[Captioned web image data]
::::::::
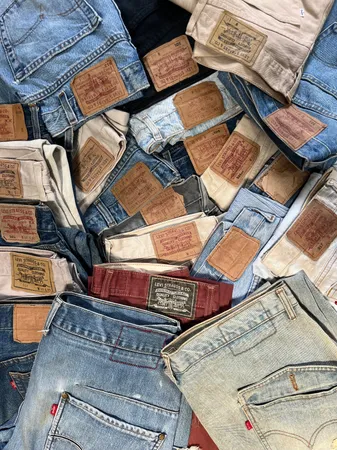 LEVIS MIX CODE JEANS ENGINEERED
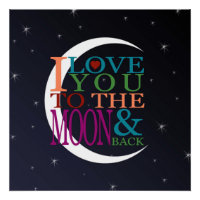 Liebe zum Mond und zurück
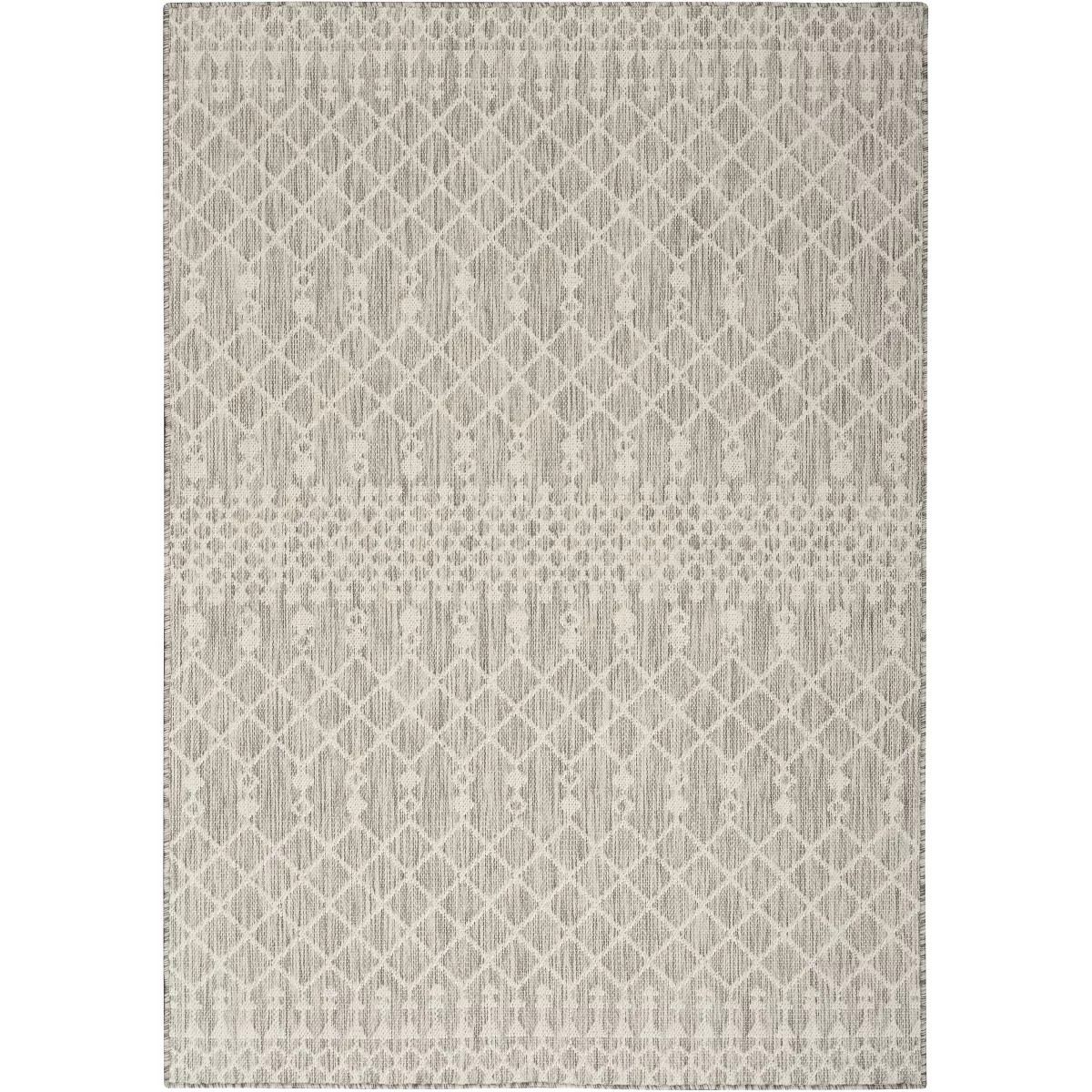 Nourison Positano Moroccan Trellis Flatweave Outdoor Rug | Target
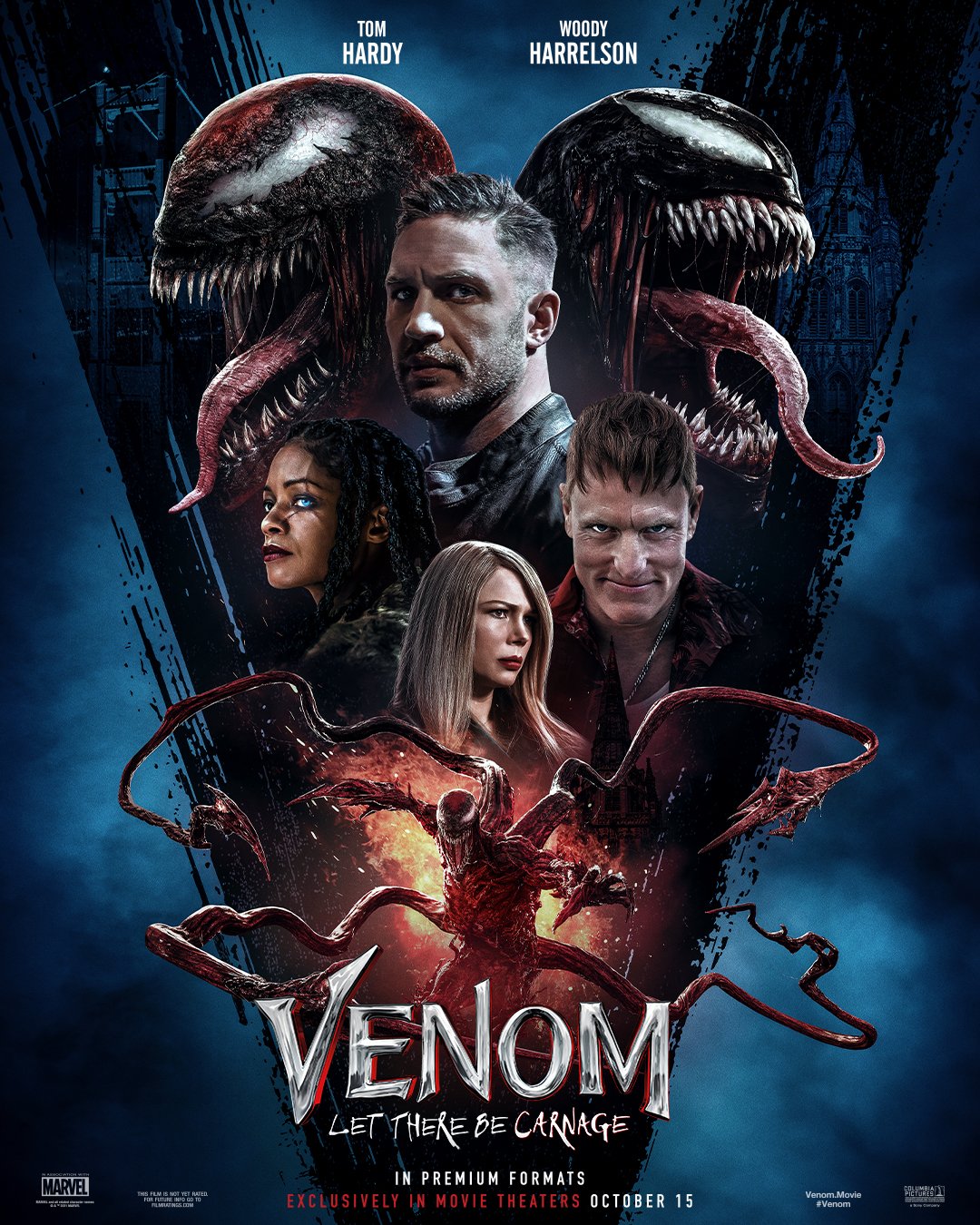 venom affiches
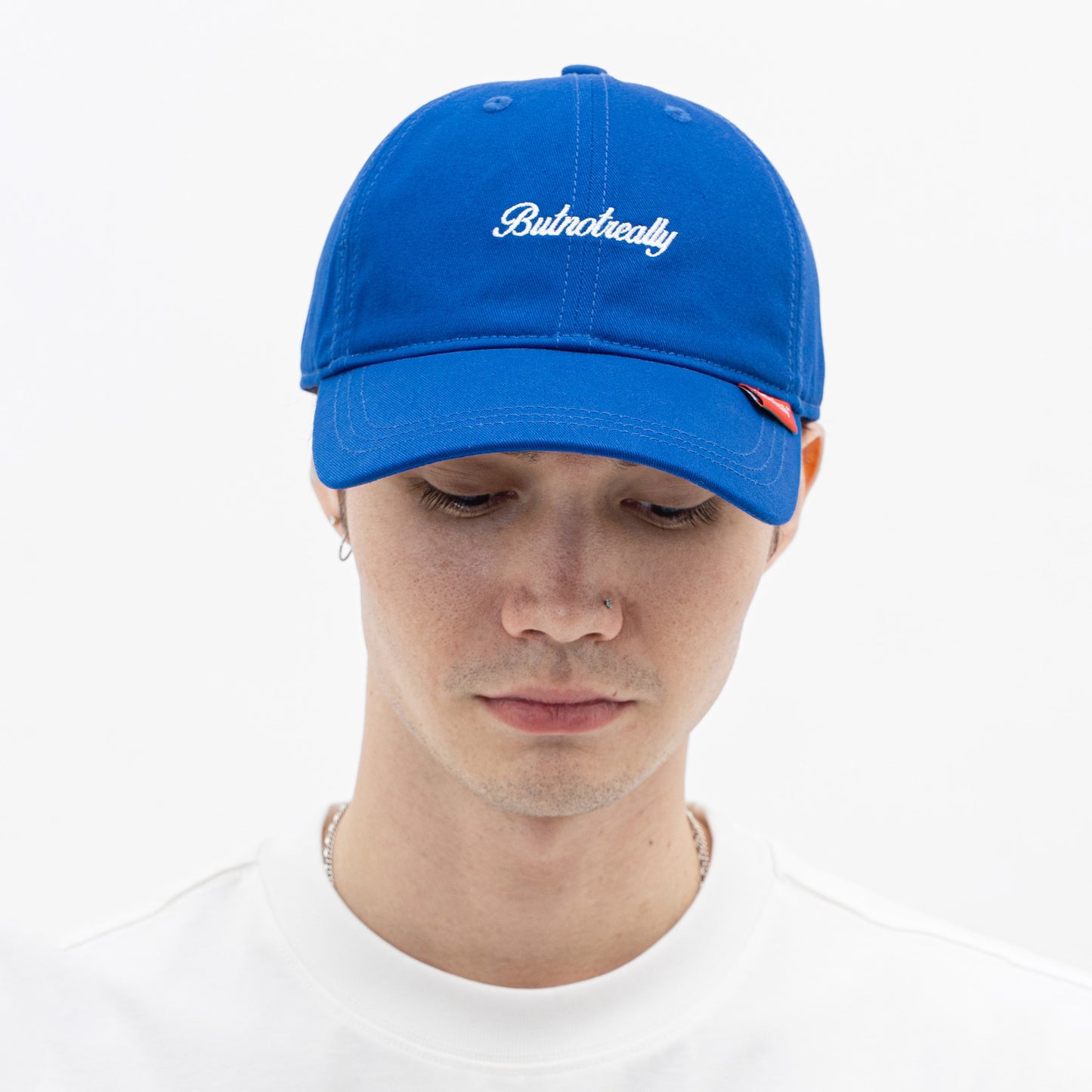 ButNotReally™ Core Embroidery Cap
::::::::
Problem to solve:
Leave out the pictures, and extract exactly the lines from the one with "venom affiches" through the end of the records, both ends included.

Written solution:
 venom affiches
 ButNotReally™ Core Embroidery Cap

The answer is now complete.